Conventions (unchanged from PATCH2 round)

  • All S177 documents live in this folder, except the requirements file which lives one level up.
  • Document file names use pattern s177-<topic>-YYYY-MM-DD[-suffix].md. Patches are dated and labelled -patchN. Sprint deliverables are labelled -sprintN.
  • Existing documents are not edited except via a new patch / package that supersedes them.
  • No code, no source mutation, no Lark write, no deploy, no push/merge/tag, no MCP-write enablement, no production test ever happens as a side effect of work in this folder. All such actions require separate, explicit authorization.

Existing Lark connection — reuse-only stance (Sprint 1)

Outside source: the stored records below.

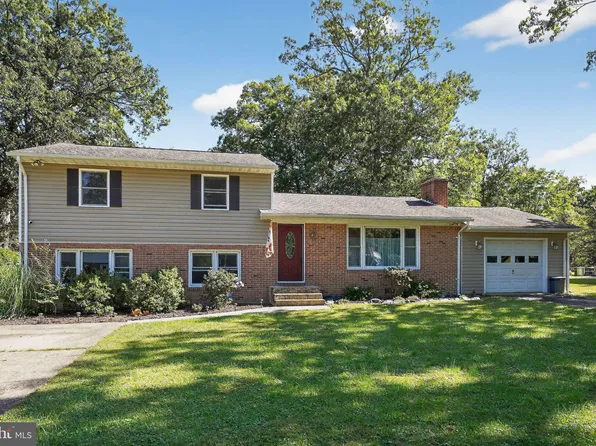 22860 Maple Rd, Lexington Park, MD 20653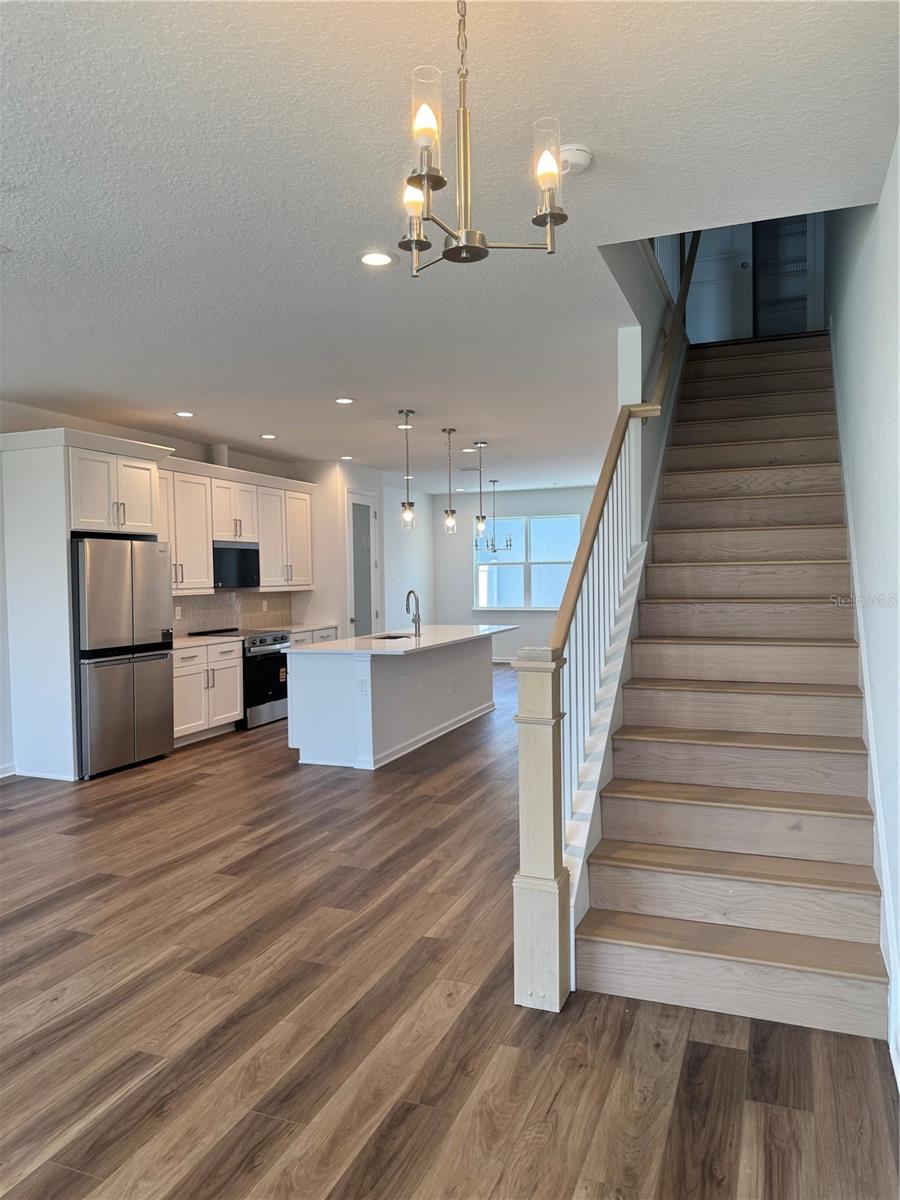 1888 Crowncrest Dr Property Photo 3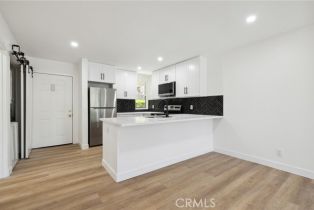 Condominium, 17000 Burbank blvd, Encino, CA 91316 - 3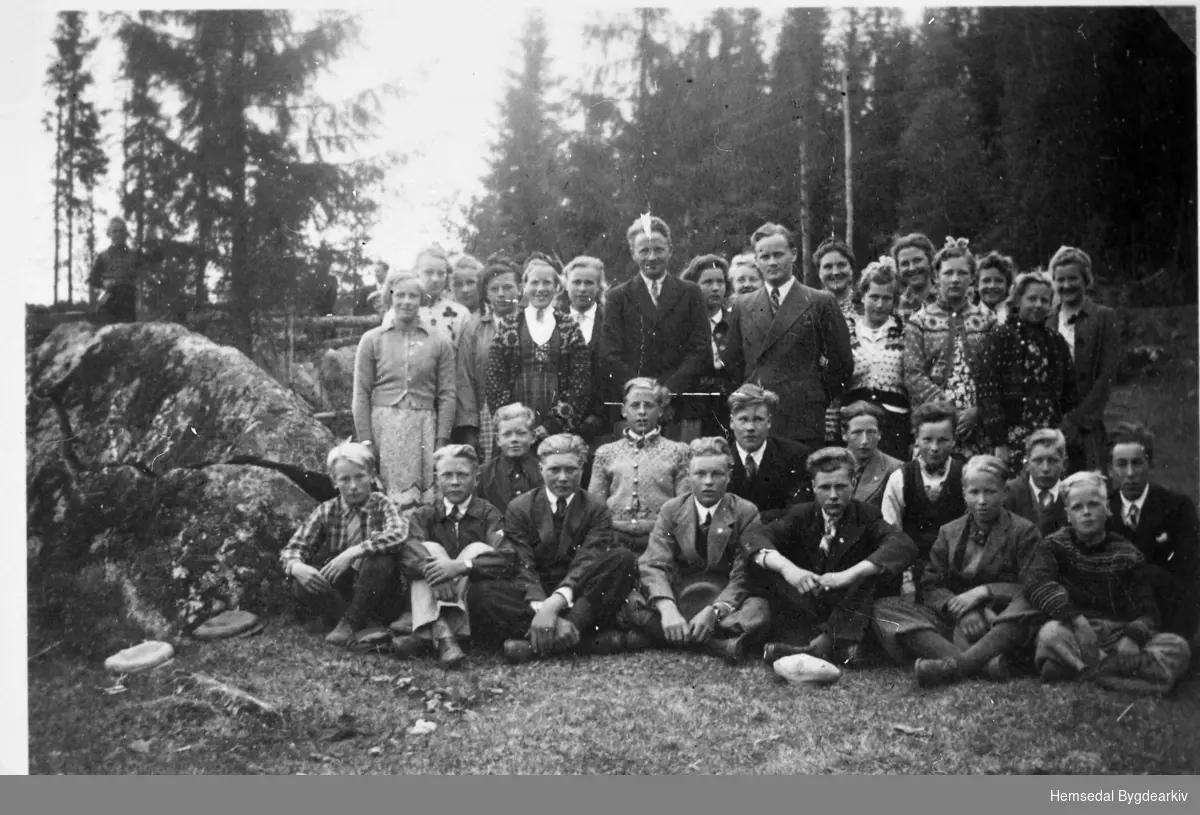 Yngresstemne for Hallingdal på Bedehuset på Øygardane i Gol 15. juni i 1941. Sjå meir om dette i historikken til Hemsedal Indremisjon (s.102, 109 og 112)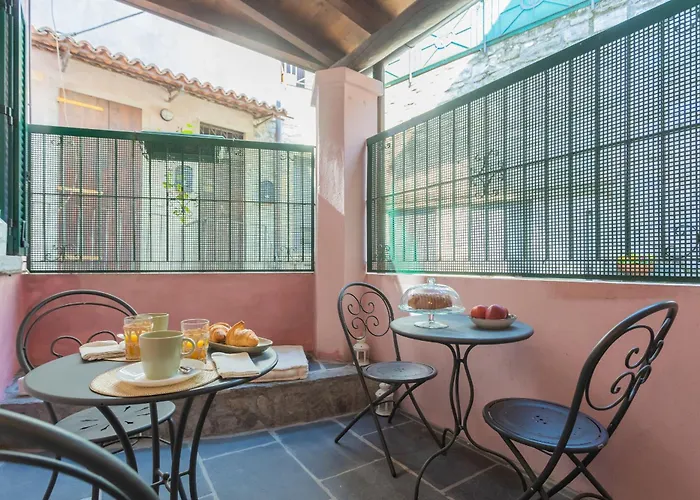 Emily's House - Authentic By Rent Apartament Torno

Sprint 1 explicitly reuses the operational Lark connection inherited from S176 + the existing MCP topology. No new bot, no new credential, no new MCP connection, no duplicate adapter is created in Sprint 1. Specifically:

  • Bot "For Gem" (cli_a785d634437a502f) — unchanged.
  • GSM credential path (LARK_APP_ID / LARK_APP_SECRET in project github-chatgpt-ggcloud) — unchanged.
  • Existing @larksuiteoapi/lark-mcp plugin (9 bitable tools) — untouched in Sprint 1; Sprint 2 owns plugin topology decisions per OQ-4.
  • Existing lark_client foundations (LarkCore, LarkReader, Registry, AuditLogger) — extended, not forked.
  • Existing config/allowed_endpoints.yaml — appended to (6 new entries under write:); schema preserved.
  • Existing audit dir (/var/log/lark-ops/) and rate-limit lock files (/var/lock/lark-api.{lock,state}) — reused.

New GSM secret introduced by Sprint 1 design (not net-new infrastructure): LARK_BACKUP_GPG_PUBKEY (ASCII-armored GPG public key). Fetched via the same LarkCore._gsm_get helper; private key remains offline (OQ-2).

S177 folder index — refresh after each milestone round.